Getting it wrong on all accounts


The blogosphere is abuzz about the abandoned book on the Last Messenger’s love life with his younger wife Aisha and how publishers are giving in to Muslim pressure to censure things some may consider derogatory about Islam. What “Islamophobes”like to point out are cases in modern society where they think people have caved in to pressure to forget about the bad things in Islam in order to appease Muslims.  It doesn’t matter that the bad things they try to bring to light are “fallacious representation(s)”  or “anti-Islamic polemic(s) that uses sex and violence to attack the Prophet and his faith”, much like the book in question.
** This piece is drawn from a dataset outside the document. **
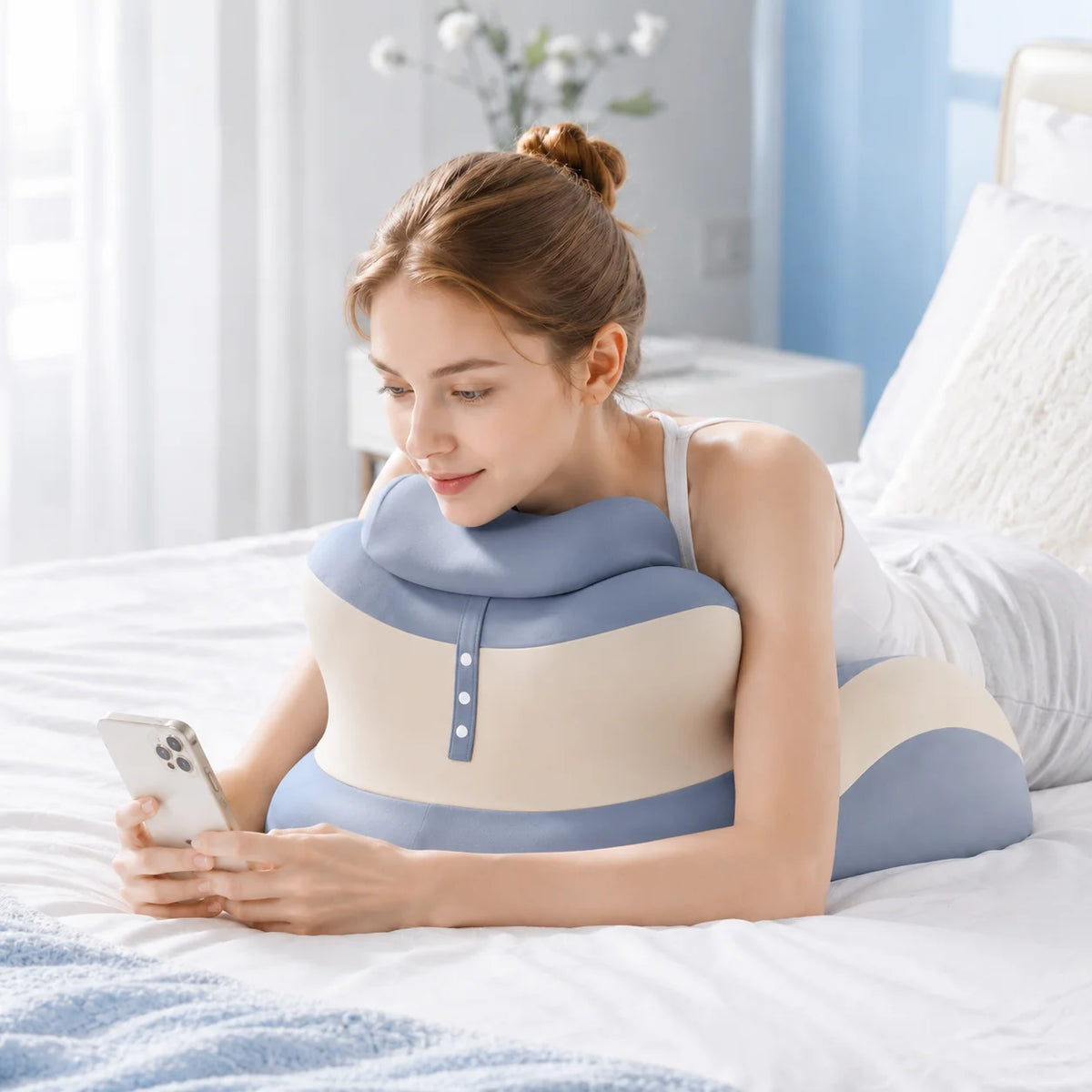 Memory Foam Reading & Support Pillow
In some cases, however, the publisher got it right. The excuse given for not publishing because of fear of violence is unfortunate but there is a precedent for that concern.  We’ve talked about media manipulation of Muslims’ reactions before at Miscellany; how things are printed or said to get a rise out of Muslims which is then used to show the uncivilized nature of the Muslims, and that’s unfortunate. However, methinks they chose not to print a book that is factually inaccurate, and perhaps their  vetting process pointed that out to them. Perhaps the author can find an irresponsible publisher who will print ANYTHING no matter how wrong it may be, but Random House chose not to!  Here’s why:

In the time before Islam, Abu Bakr married Fatila bint Abdul Uzza,
from whom Abdullah and Asma were born.  Then he married Umm Ruman,
from whom Abdur Rahman and Aisha were born.  These four were born
before Islam.  ‘Abdullah, Asma, ‘Abdur-Rahman, and ‘A’isha were born
before the beginning of the Revelation (i.e, at least 13 years before
the Hijrah).  This is uncontested and well-known to the muslims.
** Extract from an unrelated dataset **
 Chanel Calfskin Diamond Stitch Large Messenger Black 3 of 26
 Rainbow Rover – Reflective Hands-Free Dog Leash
‘A’isha was betrothed to Jubayr ibn Mut’im ibn Adi, before Abu
Bakr accepted Islam in the first year of the Call (12-13 years before
the Hijrah).  This is uncontested.

When Abu Bakr planned to go to Abyssinia during the fifth year of
the Call (8-9 years before the Hijrah), Mut’im broke off the
engagement because Abu Bakr had accepted Islam.  This is uncontested.

‘A’isha remembered the Revelation of a verse known to have been
revealed in the fifth year of the Call or before (i.e., 8-13 years
before the Hijrah).  This is uncontested.

‘A’isha was betrothed to the prophet two years after the death of
Khadijah, or a year before the Hijrah.  This is uncontested.

‘A’isha did not accompany her father and the prophet during the
Hijrah, but arrived in Madinah later, and became sick so that all of
her hair fell out.  This is uncontested.

‘A’isha moved in with the prophet a year or two after the Hijrah,
or two to four years after her betrothal.  This is unclear from the
various reports, which give different time periods, but all are agreed
as to the general time frame.

‘A’isha was widowed in 11h (the 11th year of the Hijrah).  This is
uncontested.

She was a widow for about forty years and died in 50h.  This is
uncontested.

Among the people who report these facts is one Hisham bin Urwa,
the grandson of Asma and ‘A’isha’s grand-nephew, who lived in Madina
for 71 years and then moved to Iraq, who reported that ‘A’isha died in
50h.  This is uncontested.

‘A’isha’s older sister Asma was ten years older than ‘A’isha.
Asma was 27 at the time of the Hijrah, making ‘A’isha 17.  This is
uncontested.  Asma died at the age of 100 in 73h.  23 years earlier,
when ‘A’isha died, Asma was 77.  This is uncontested.  Thus ‘A’isha
was 67 when she died in 50h, seventeen at the time of the Hijrah,
sixteen at the time of her betrothal to the prophet, and nineteen when
she moved in with him.

All of the reports saying that ‘A’isha was six at the time of her
betrothal to the prophet come from Iraq, as do all of the reports that
she was nine when she moved in with the prophet.  There are no reports
of this from Makkah or Madinah.  This is uncontested.  Most of these
reports from Iraq came through Hisham bin Urwa, Asma’s grandson,
mostly from his father.  This is indisputable.

Hisham bin Urwa is said to have reported (1) that ‘A’isha was nine
in the second year of the Hijrah, (2) was widowed in the eleventh year
of the Hijrah, and (3) died in the fiftieth year of the Hijrah ~ when
his grandmother, ten years older than his great aunt ‘A’isha, was 77.

The same person who said ‘A’isha was nine in 2h also said she was
67 in 50h.

So the only reports that ‘A’isha was six, or nine, come from
someone who also reports that she had to be sixteen when betrothed,
and nineteen when she moved in with the prophet.

And every other report showing her to be much older than six is
uncontested and considered reliable, while Hisham’s reports from Iraq
are considered unreliable for obvious reasons.

Of course not many people know about this and those that do choose to ignore or debate it, but what do you do with people who argue against facts?